However, consistency in approach across all heat networks will be necessary to guarantee consistent outcomes for consumers. As this is a nascent market that is expected to grow significantly over the coming years, it will be essential to closely monitor how different heat networks apply these principles to ensure consistency. If there is significant divergence, swift action will be required to update or adapt guidance to improve consistency across suppliers. This will serve to maintain higher standards and better outcomes for consumers across all heat networks.

Q10. Do you agree with the introduction of an overarching Standards of Conduct principle for all heat networks? While we expect all heat networks to identify and support customers in vulnerable circumstances, we would be keen to understand if any networks would find this particularly challenging to deliver.

In-keeping with Ofgem and UK Government’s ambition to provide heat network consumers with a similar standard of experience to the gas and electricity market; we believe that the introduction of general standards of conduct would be helpful. It will also be crucial to learn from past experiences in the gas and electricity market in relation to setting out similar standards. This would set out minimum expectations of heat suppliers and network operators of what fair treatment and customer service looks like. This might be particularly helpful for new or smaller heat network operators.
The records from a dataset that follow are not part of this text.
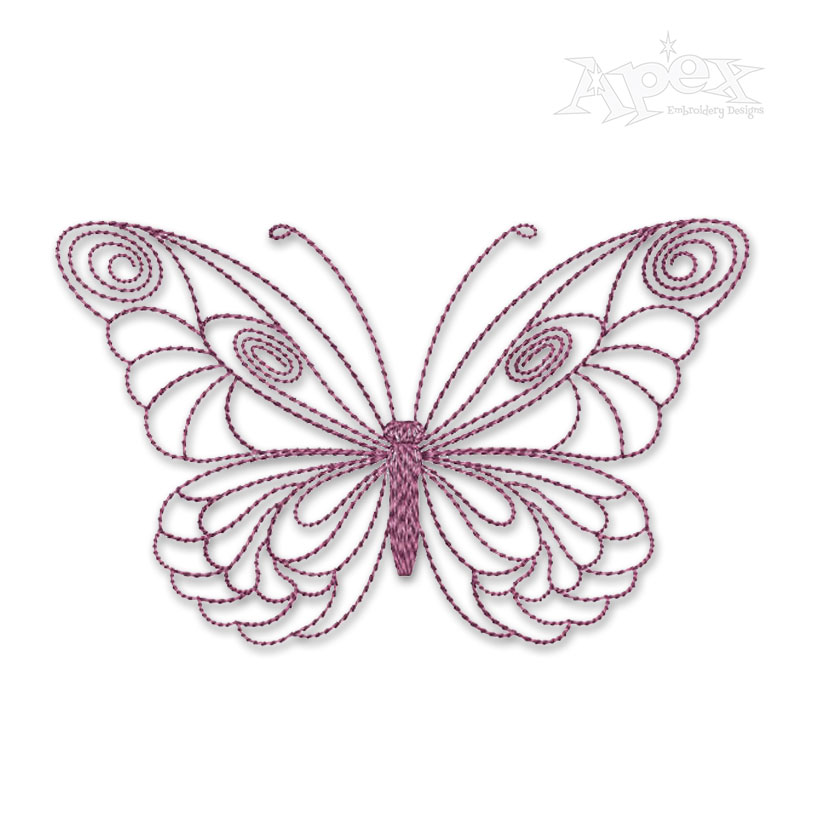 Floral Butterfly Sketch Embroidery Design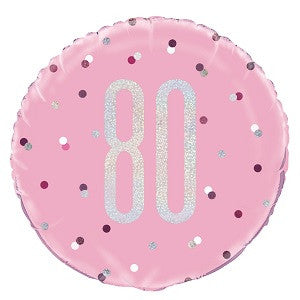 80th Pink Glitz Helium Filled Holographic Balloon (Optional Helium Inflation)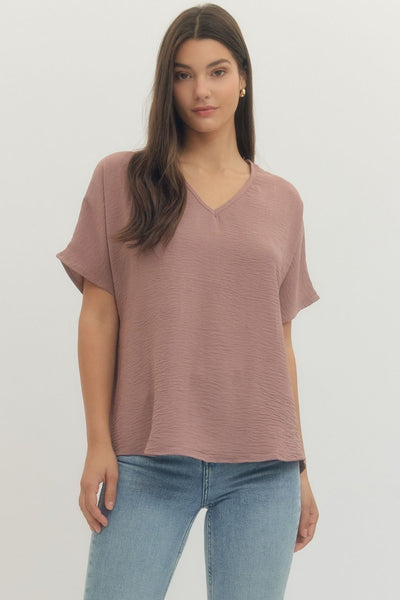 GG Entro Solid V Neck Woven Top
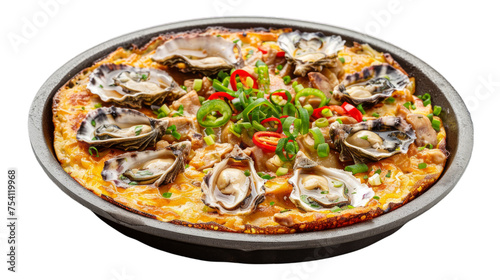 Thai-style Oyster Omelette on isolated on transparent png background. Generative ai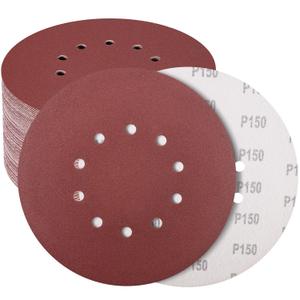50 Pack 9-Inch 10-Hole Hook-and-Loop Sanding Disc, 150 Grit Aluminum Oxide Drywall Sandpaper for 9" Drywall Sander Pads Ceiling Wood Floor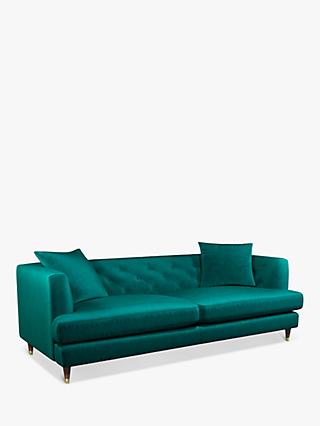 Chester Range, John Lewis & Partners Chester Grand 4 Seater Sofa, Dark Leg with Gold Tip, Harriet Teal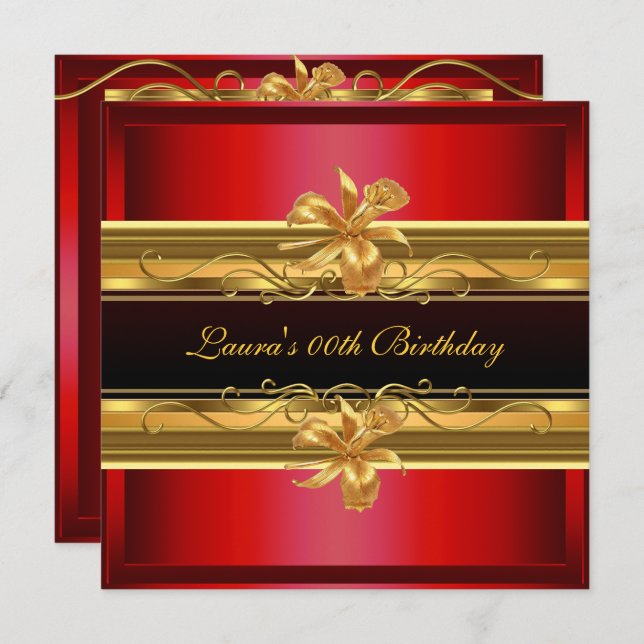 Elegant Red Black Gold Birthday Party Invitation (Front/Back)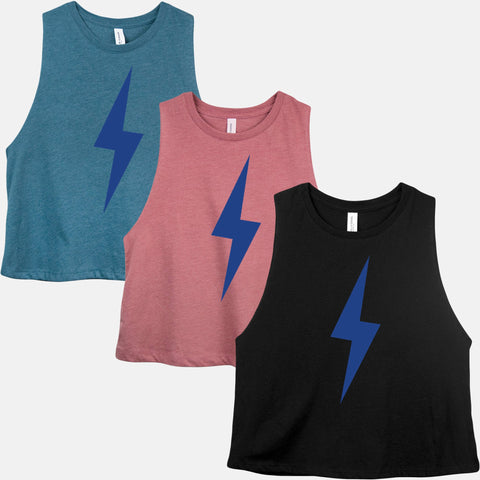 Image of Lightning Bolt Gym Crop Tops Womens Workout Training Tank Ladies Cropped Racerback Fitness Shirt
Q11. Do you think we should further consider requirements on consumer engagement and including the consumer voice in heat networks’ decision making?

As a general principle, we believe that consumers should have a voice in the decision making process. Strong engagement with communities can support and empower consumers to influence the decisions that affect their lives.[3] We are aware of situations where communications between the community and heat supplier have broken down and residents have refused to engage with missed payments; which has subsequently led to disconnections. Active engagement and participation with tenants throughout design and decision making processes can help to mitigate issues like this.

Fair pricing

Q12. How often should Ofgem update any public register of pricing data? How often should heat suppliers be required to submit pricing data to Ofgem?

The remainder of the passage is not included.